His instinct led him to the Texas School Book Depository.

"There seemed to be a lot of people going in there. According to the time table that the paper later reconstructed, I was in the depository while Oswald was still in there."

Although Allen didn't run into Lee Harvey Oswald, he photographed the Depository and the surrounding areas for the coming days and his pictures were later confiscated by the FBI and CIA.

"All of the photographs from the sixth floor, where the boxes were stacked up by the window where he shot out of, the school book depository itself were all photographs that I did that were, I guess, in every publication in the world for a time there."

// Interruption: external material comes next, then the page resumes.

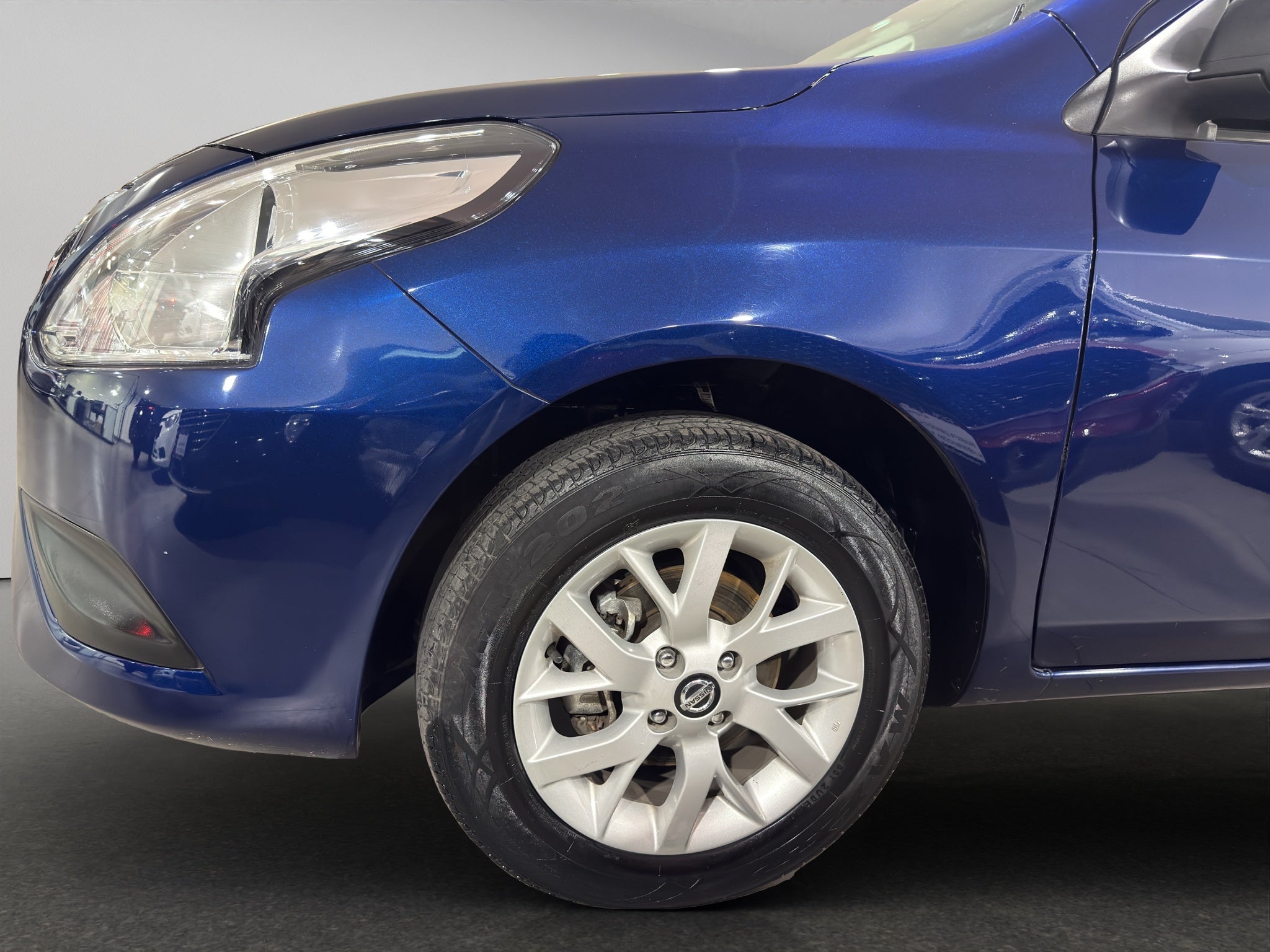 2022 Nissan V-Drive 4 pts. Base, TM5, a/ac., R-15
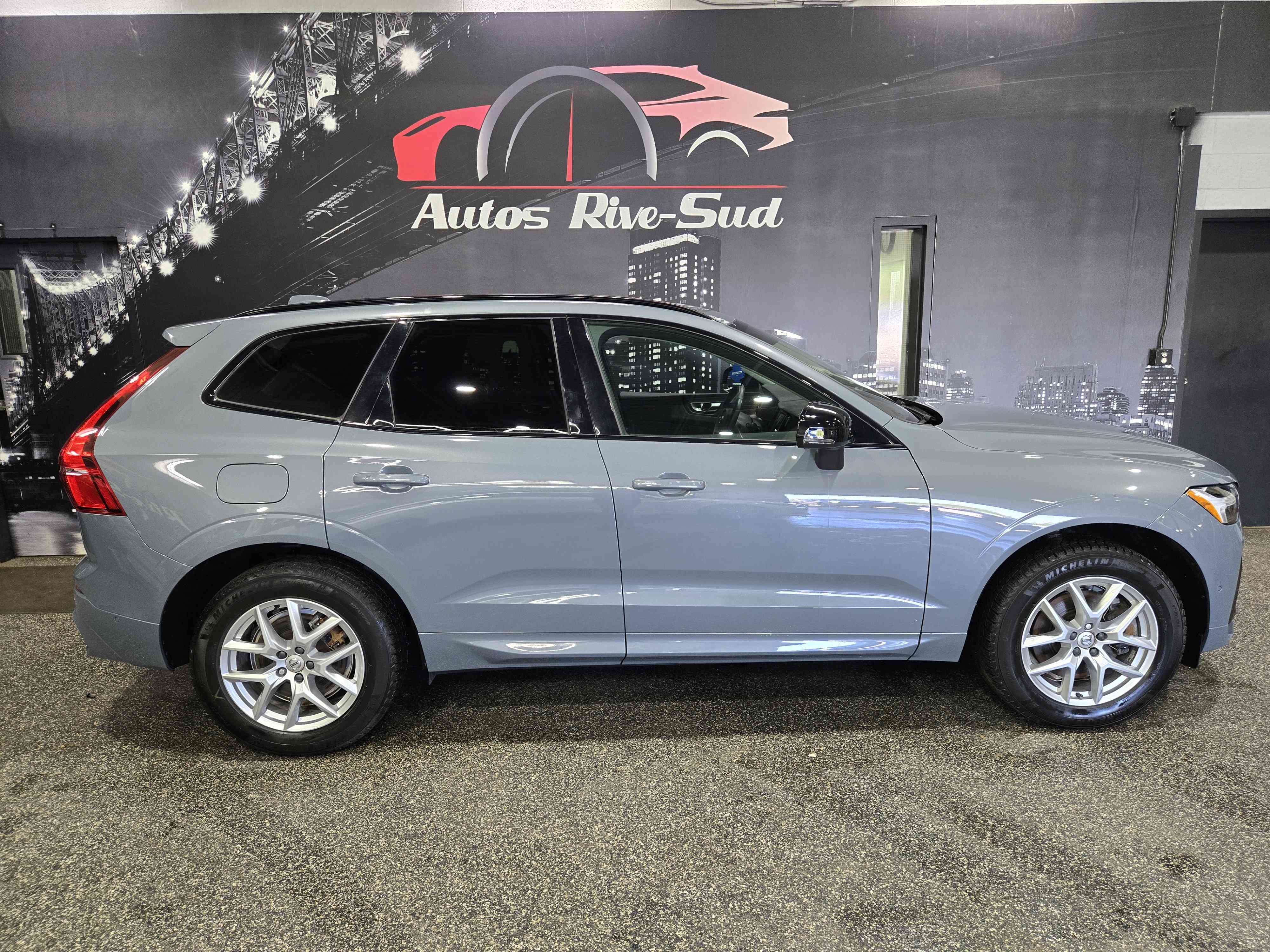 Gray 2023 Volvo XC60 B6 Plus Dark Theme AWD SUV / Crossover Automatic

Later, Allen photographed Jim Tague, the Texas man who claimed he was grazed on the face by a concrete fragment from the shooting.

"Then the crack, crack of two rifle shots right after themselves," Tague recalled to THV11 earlier this year. "(A man) looked up at me and he said, 'you got blood on your cheek' and I reached up and I did. He said 'where were you standing?' and I said 'back over there between Main and Commerce.'"

Allen's life didn't slow down after the assassination. He then helped develop the legendary picture of Dallas Bar Owner Jack Ruby shooting the alleged killer, Oswald.

"The third exposure was Ruby stepping out and pulling the trigger and the fourth shot was Oswald lying on the ground and we saw that third exposure and we thought 'this an absolute historic photograph.'"

A couple of years later, Allen returned home to Little Rock and joined the Arkansas Gazette staff. Fifty years after JFK's death, Allen said he will never forget the bewilderment of the times.

"Just not knowing what would be next," he said. "(There's) just the monumental thing that a President of the United States could be assassinated."